* [What you have to do]
I need an exact copy of the lines from the one containing "20代・30代半ばの男性が活躍中" through the end of the records, without any pictures.

* [Material for the task]
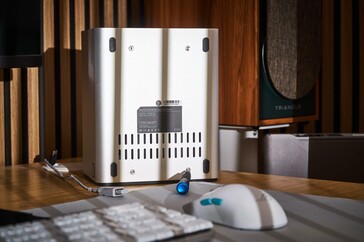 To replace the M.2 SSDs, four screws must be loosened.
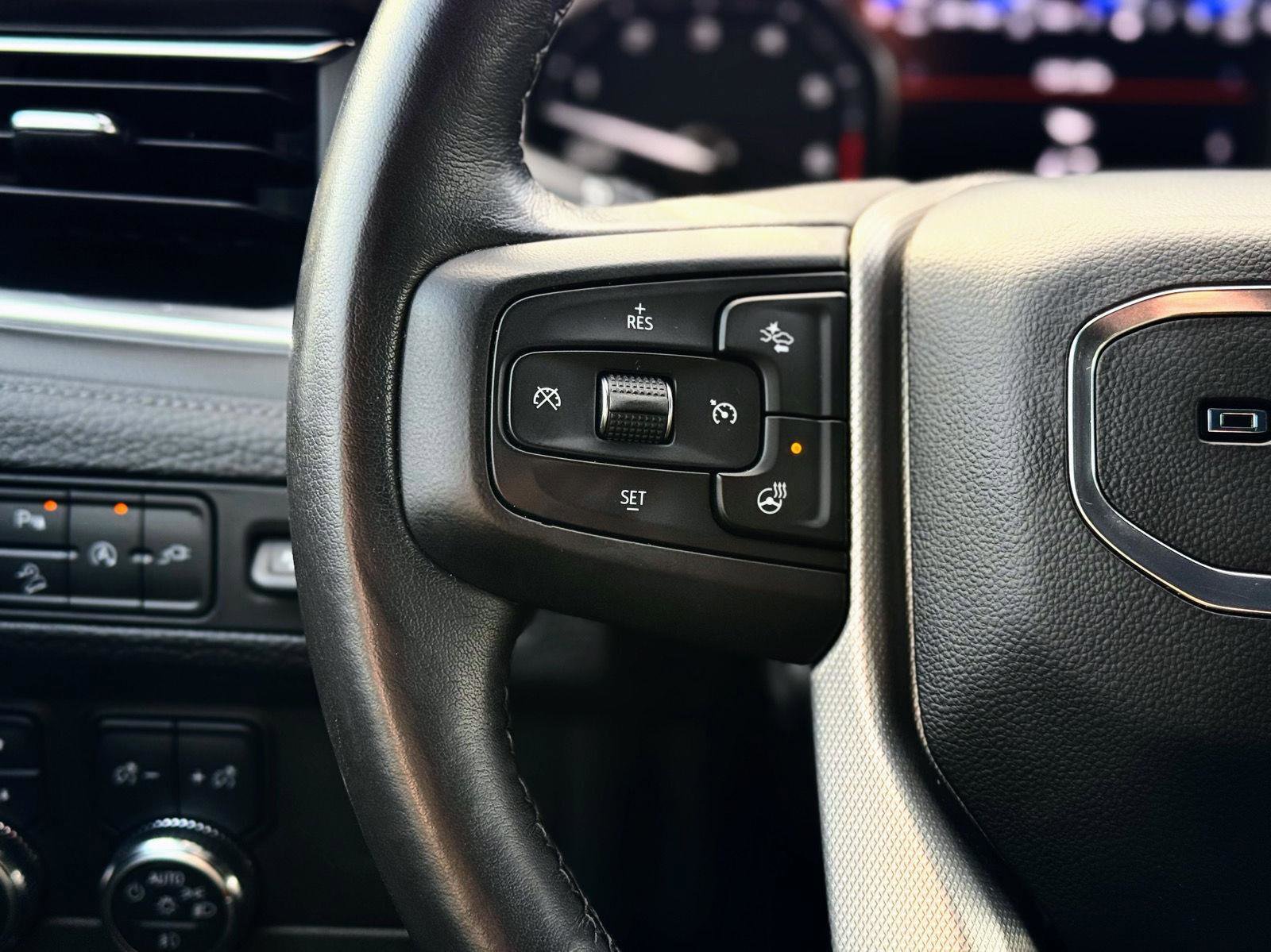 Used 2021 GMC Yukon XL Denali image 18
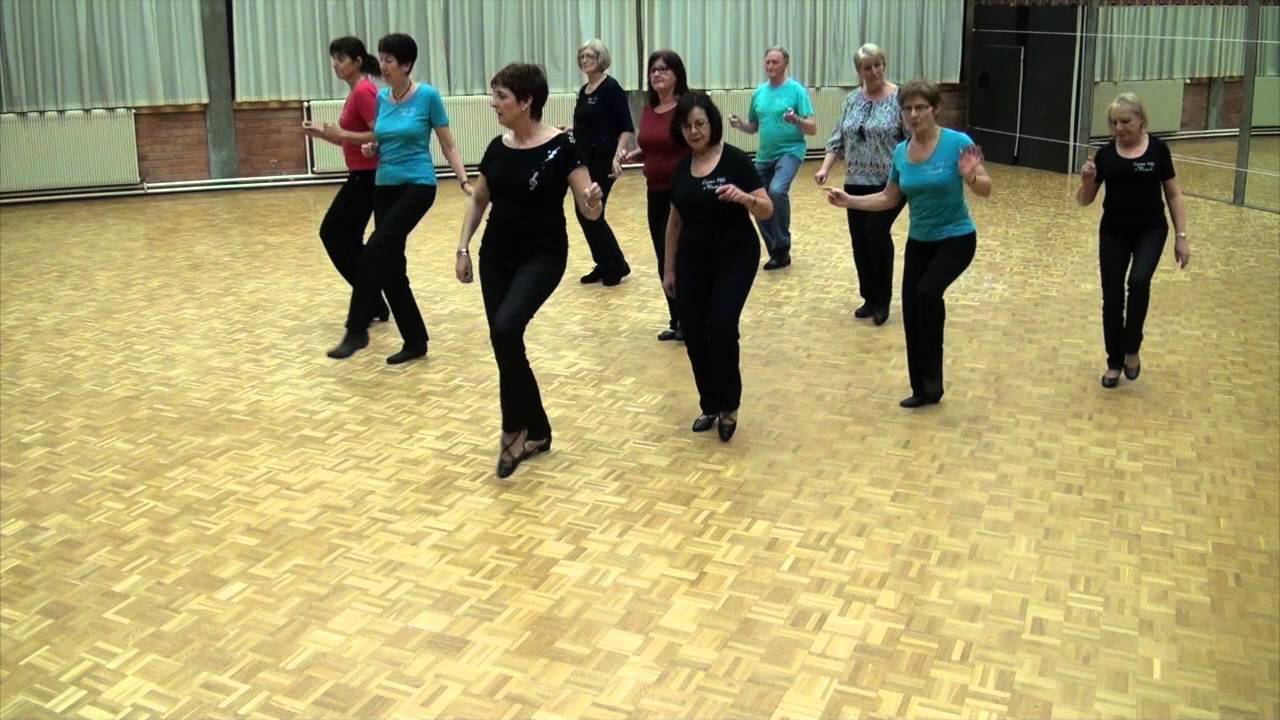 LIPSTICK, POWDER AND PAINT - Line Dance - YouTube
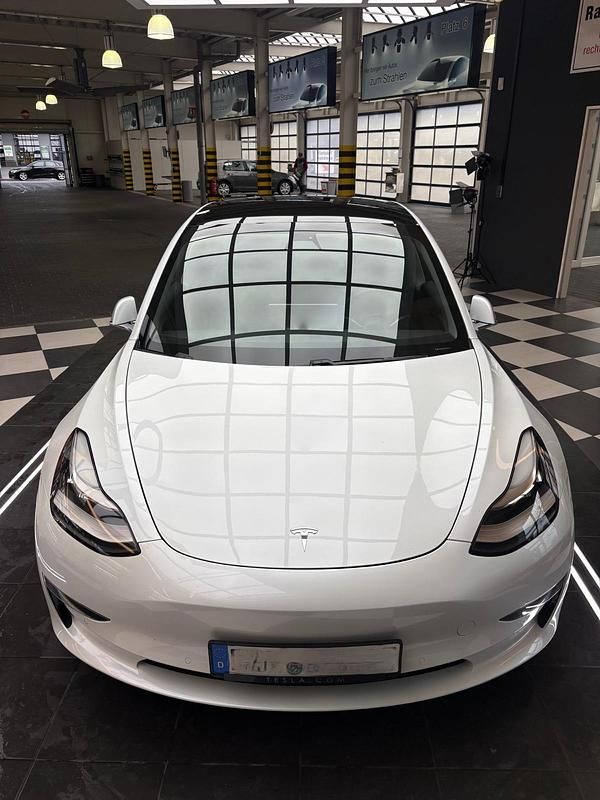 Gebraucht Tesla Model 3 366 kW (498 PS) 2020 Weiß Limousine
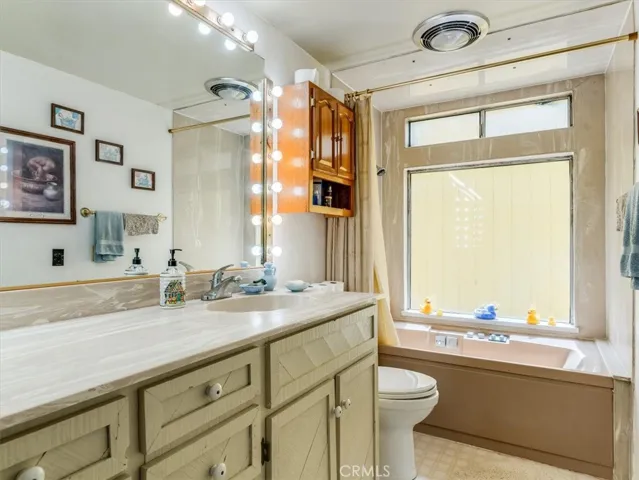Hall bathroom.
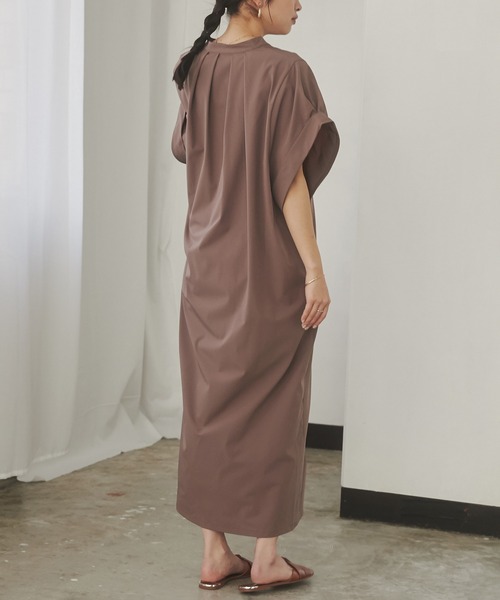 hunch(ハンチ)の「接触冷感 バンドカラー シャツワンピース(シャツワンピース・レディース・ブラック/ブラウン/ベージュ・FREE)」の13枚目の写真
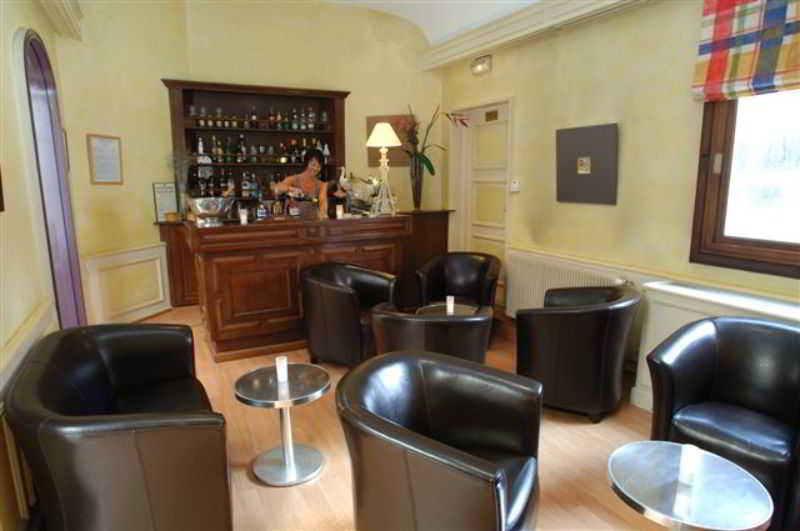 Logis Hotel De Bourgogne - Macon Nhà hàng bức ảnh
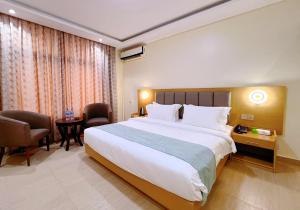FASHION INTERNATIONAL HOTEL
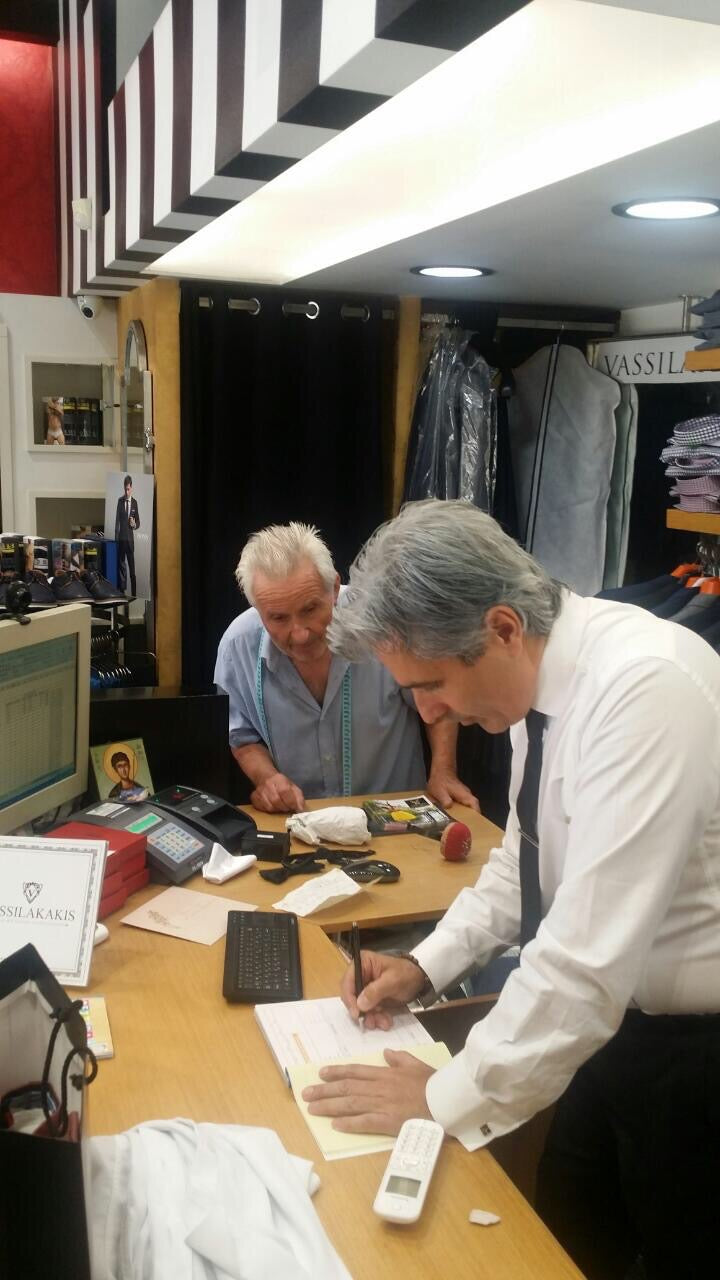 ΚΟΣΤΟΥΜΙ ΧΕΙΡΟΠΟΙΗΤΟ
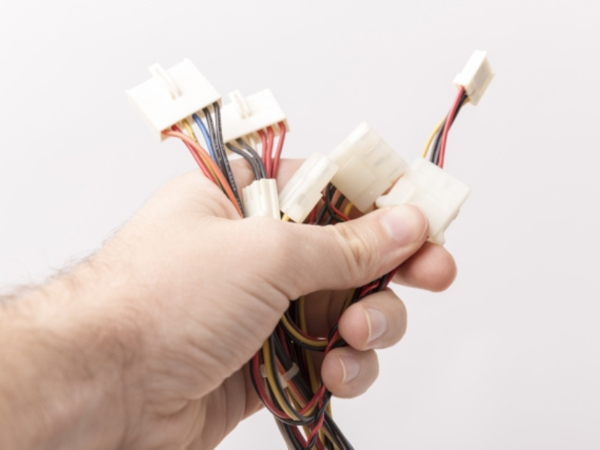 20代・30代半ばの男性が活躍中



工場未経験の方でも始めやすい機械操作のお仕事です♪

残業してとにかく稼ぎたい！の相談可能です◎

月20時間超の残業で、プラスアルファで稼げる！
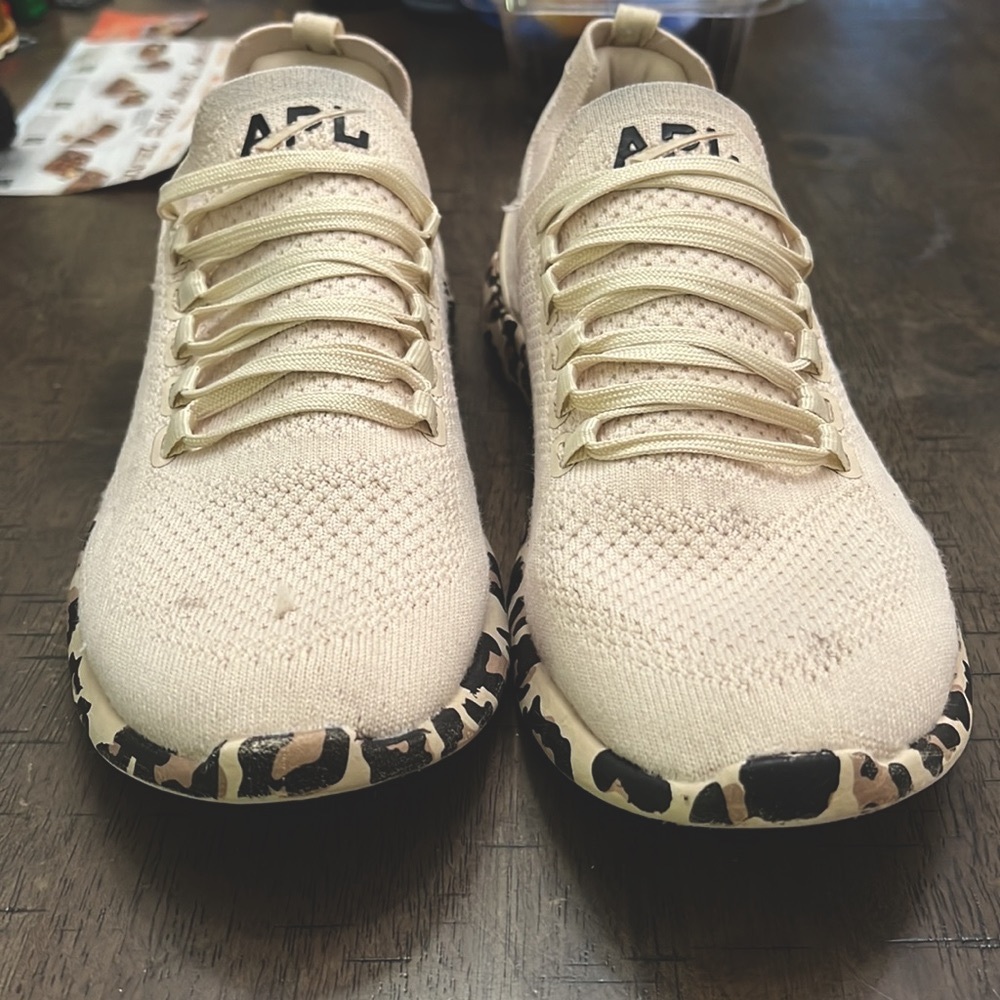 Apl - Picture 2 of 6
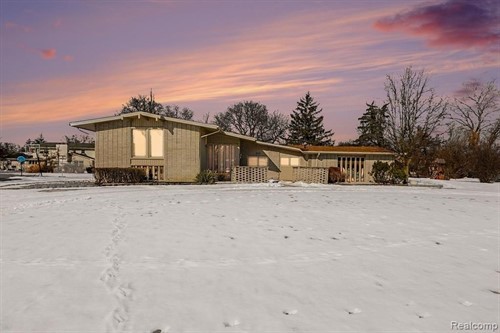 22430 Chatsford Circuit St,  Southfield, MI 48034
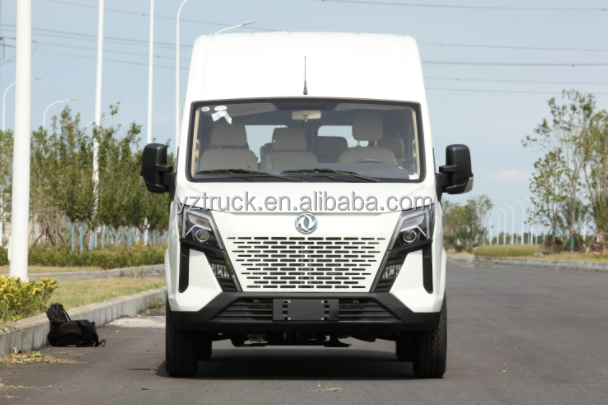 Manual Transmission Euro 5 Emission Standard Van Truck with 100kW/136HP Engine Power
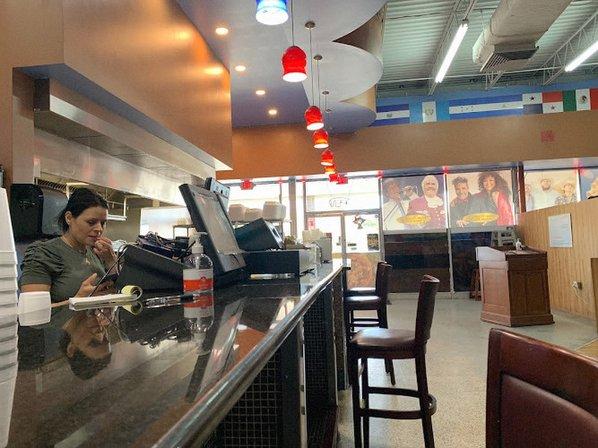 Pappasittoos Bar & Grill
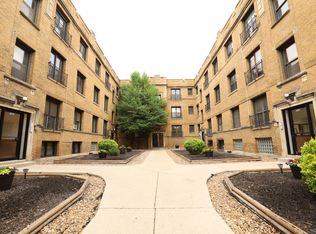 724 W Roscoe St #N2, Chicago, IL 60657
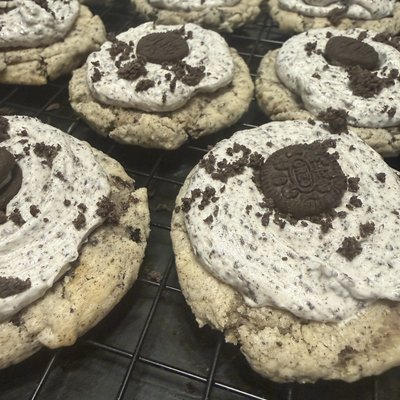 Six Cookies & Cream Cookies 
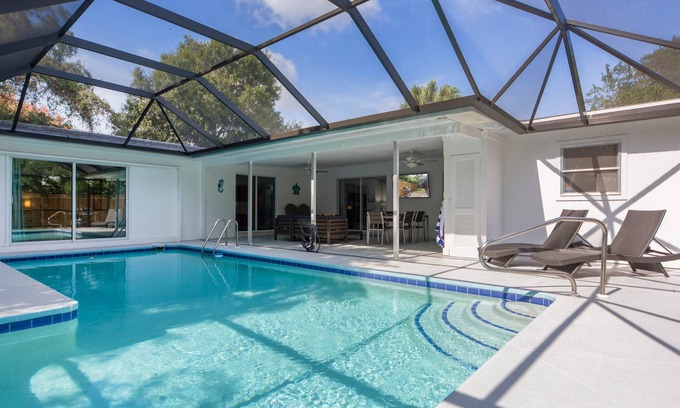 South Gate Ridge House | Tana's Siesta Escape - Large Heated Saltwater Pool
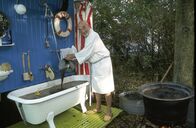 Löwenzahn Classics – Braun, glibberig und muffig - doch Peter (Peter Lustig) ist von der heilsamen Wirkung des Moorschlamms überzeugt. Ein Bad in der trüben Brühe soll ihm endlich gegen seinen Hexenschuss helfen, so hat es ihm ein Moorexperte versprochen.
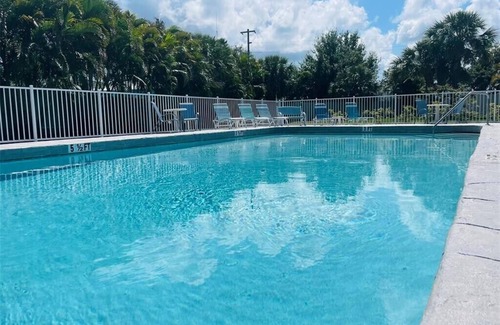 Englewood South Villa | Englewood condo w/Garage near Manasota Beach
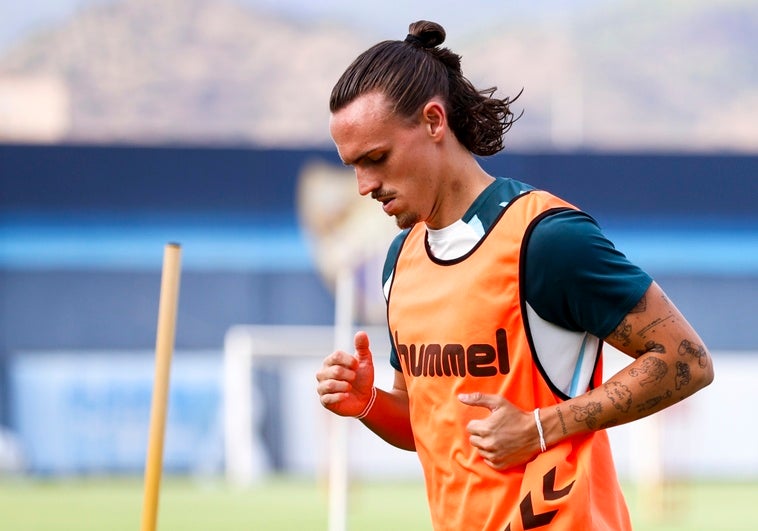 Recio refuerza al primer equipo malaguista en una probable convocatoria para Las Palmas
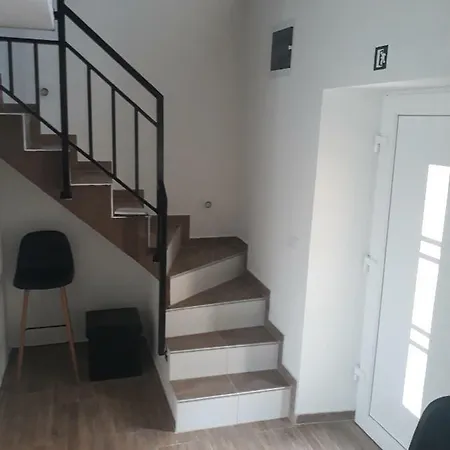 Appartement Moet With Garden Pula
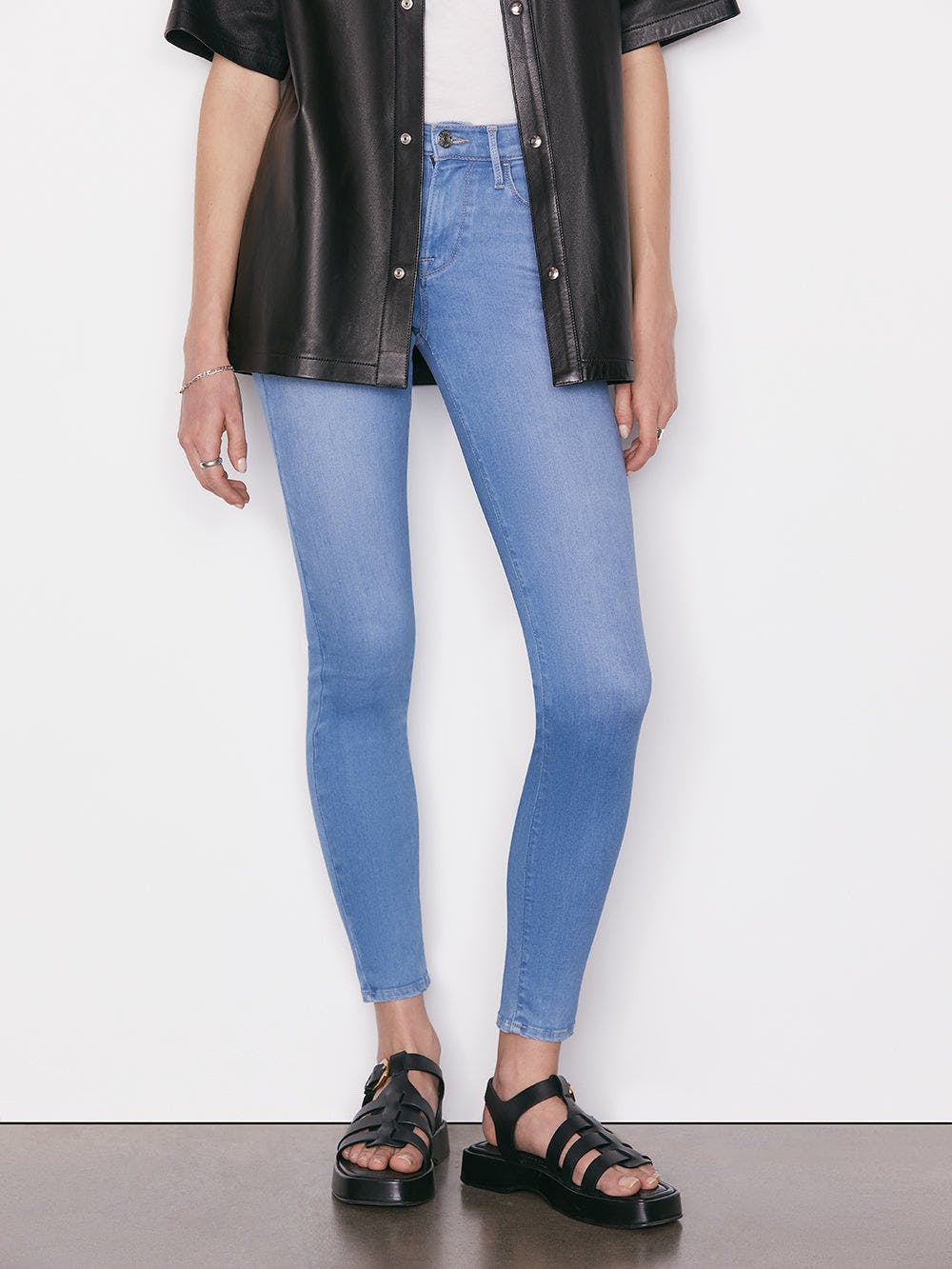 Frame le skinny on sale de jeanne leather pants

* [Solution to the exercise]
 20代・30代半ばの男性が活躍中



工場未経験の方でも始めやすい機械操作のお仕事です♪

残業してとにかく稼ぎたい！の相談可能です◎

月20時間超の残業で、プラスアルファで稼げる！
 Apl - Picture 2 of 6
 22430 Chatsford Circuit St,  Southfield, MI 48034
 Manual Transmission Euro 5 Emission Standard Van Truck with 100kW/136HP Engine Power
 Pappasittoos Bar & Grill
 724 W Roscoe St #N2, Chicago, IL 60657
 Six Cookies & Cream Cookies 
 South Gate Ridge House | Tana's Siesta Escape - Large Heated Saltwater Pool
 Löwenzahn Classics – Braun, glibberig und muffig - doch Peter (Peter Lustig) ist von der heilsamen Wirkung des Moorschlamms überzeugt. Ein Bad in der trüben Brühe soll ihm endlich gegen seinen Hexenschuss helfen, so hat es ihm ein Moorexperte versprochen.
 Englewood South Villa | Englewood condo w/Garage near Manasota Beach
 Recio refuerza al primer equipo malaguista en una probable convocatoria para Las Palmas
 Appartement Moet With Garden Pula
 Frame le skinny on sale de jeanne leather pants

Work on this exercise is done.